À quelle époque les rivières martiennes se sont-elles asséchées ? Si les planétologues savent placer précisément ce tournant dans la chronologie de la planète, ils font toujours face à une grande incertitude pour toute datation absolue. Un problème que résoudrait une collecte d'échantillons sur place.

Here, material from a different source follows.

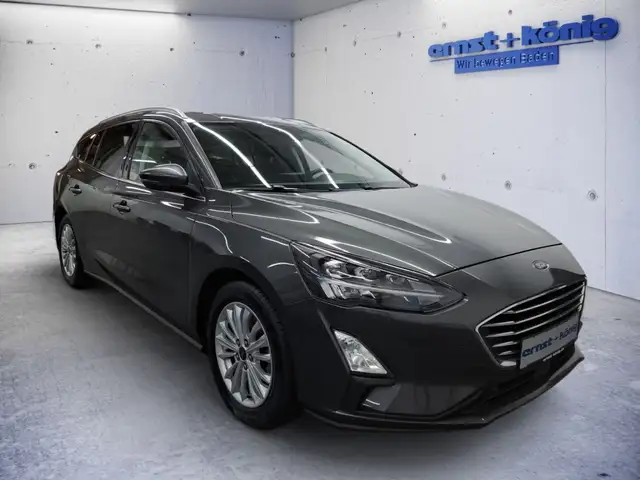 Ford Focus view 2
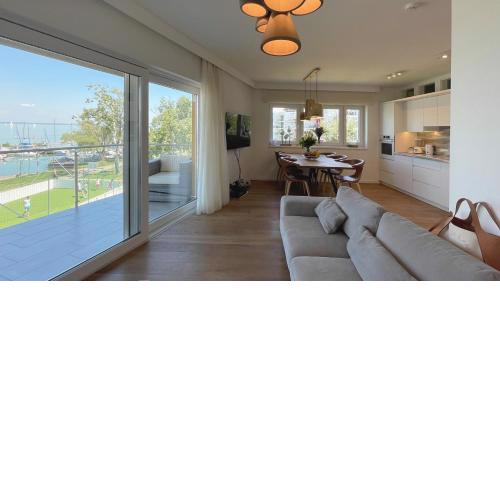 Admiral Panorama Suite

L'histoire de Mars est maintenant bien connue. Sur ce point, les spécialistes sont unanimes : les différentes étapes de l'évolution de la planète rouge sont clairement établies. De la formation du gigantesque canyon Valles Marineris (->) aux ultimes éruptions du volcan Olympus Mons, nous savons précisément dans quel ordre se sont succédé les principaux événements géologiques. Mais pour progresser encore, les scientifiques butent maintenant sur un obstacle : impossible de dater sans une grande marge d'erreur les différentes surfaces à partir desquelles ils ont constitué leur chronologie relative. L'armada de sondes toutes plus performantes les unes que les autres, lancées ces dernières années, ont rien changé. "L'incertitude s'élève à un facteur 2 ou 3", indique Cathy Quantin, maitre de conférences à l'université de Lyon 1, spécialiste de géologie martienne. Ce qui signifie qu'une surface datée de 100 millions d'années peut tout aussi bien en avoir 300.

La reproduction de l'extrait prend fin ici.